Hawkeye, however, has only had about 15 rides, but Trevor’s not worried about taking things a bit slower with him.
“I don’t feel he’s behind,” Trevor says. “He’s right where he needs to be; he just hasn’t had as much time as Stoli right now.”
But with both colts, Trevor is obviously enjoying the journey. Both of them have been used to track cattle and to play on an obstacle course that includes a teeter-totter, jumps and a Flintstones-style car that the horses push with their chests.
Stoli can push the car up a steep slope and swim through a pond filled to the brim by recent rains. From Stoli’s back, Trevor can open and close gates around the family’s property, and he can even rope a gentle cow – and then approach the cow to remove the rope.
“He’s such a big, powerful horse,” Trevor says. “He’s got a huge trot, a lot of suspension, but he’s real catty like a cow horse, too. It’s kind of nice to have the best of both worlds with him. Riding him, he can go all day.”
Right now, Stoli is a smooth-moving but still-green colt who shows a lot of potential, Trevor says. He just needs a few things: “Lots of persistence and time and long rides.”
That same prescription will work for Hawkeye, whose straight cow horse breeding made him hook onto cows with even more zeal.

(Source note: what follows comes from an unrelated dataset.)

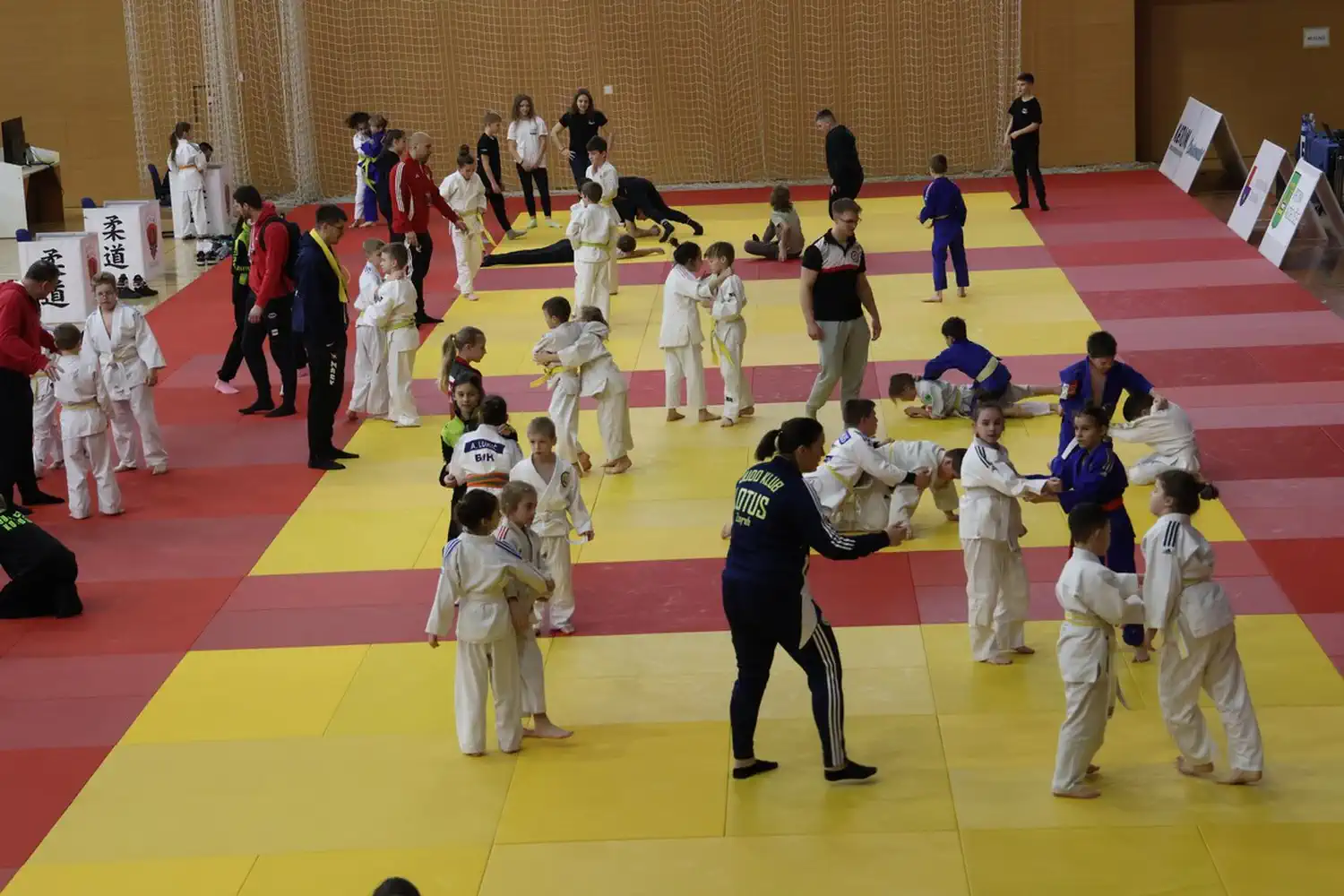 FOTO Međunarodni judo turnir u Nedelišću Borci iz 10 zemalja pokazali sjajne vještine (12) FOTO Međunarodni judo turnir u Nedelišću Borci iz 10 zemalja pokazali sjajne vještine (12)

Trevor is excited about his future in the show pen.
“I love him; he’s my ideal kind of a horse – big, broad, powerful.” Trevor also plans to continue showing Sailor in ranch-horse competitions, and he’s keeping close tabs on another of his Road to the Horse alums.
Oat Power, or “Switch,” was Trevor’s Wild Card horse for the 2014 Road to the Horse event, and he and his literary success were featured in the May 2014 America’s Horse. Trevor’s mom, Lynn, had written a children’s book titled “Switch, the Luckiest Horse of All!” designed for ages 3-7.
Switch also competed in a Zoetis AQHA Ranching Heritage Challenge in September 2014.
Trevor and his wife, Tara, had initially planned to keep Switch for their children, William, 3, and Phillip, 1, but they ended up with an even sweeter deal. Switch was sold to a nearby family friend who allows the Carters to still see him, spoil him and ride him.
“William used to claim Switch,” Trevor says. “And now he claims Sailor. Every play toy he has is ‘Sailor,’ or everything he rides, whether it be a pillow or a play horse, its name is ‘Sailor.’ ”
Phillip likes being around horses, too. One day, before too long, the boys will progress to riding on their own, and that has given Trevor an important point of comparison for all of his horses, whether they’re from Road to the Horse or his own herd.
“I try to get these horses, whether they go to clients or if we keep them for ourselves, to where our kids can ride them. They’ve got to be capable, they’ve got to be confident and safe enough for our kids to get along with.”
So that’s the goal at the end of the road. For now, though, Trevor and his Road to the Horse colts are just making headway. Stoli will go home at some point, aiming for success as a barrel horse, and Hawkeye should see the spotlight of a Ranching Heritage Challenge someday soon. Trevor can hardly wait to see where his road leads.
“I liked his build, his breeding,” Trevor says, “and he was really the horse I wanted to have, like a Switch, like a Sailor, just to see how far we can go over the course of the horse’s life and what we can do.”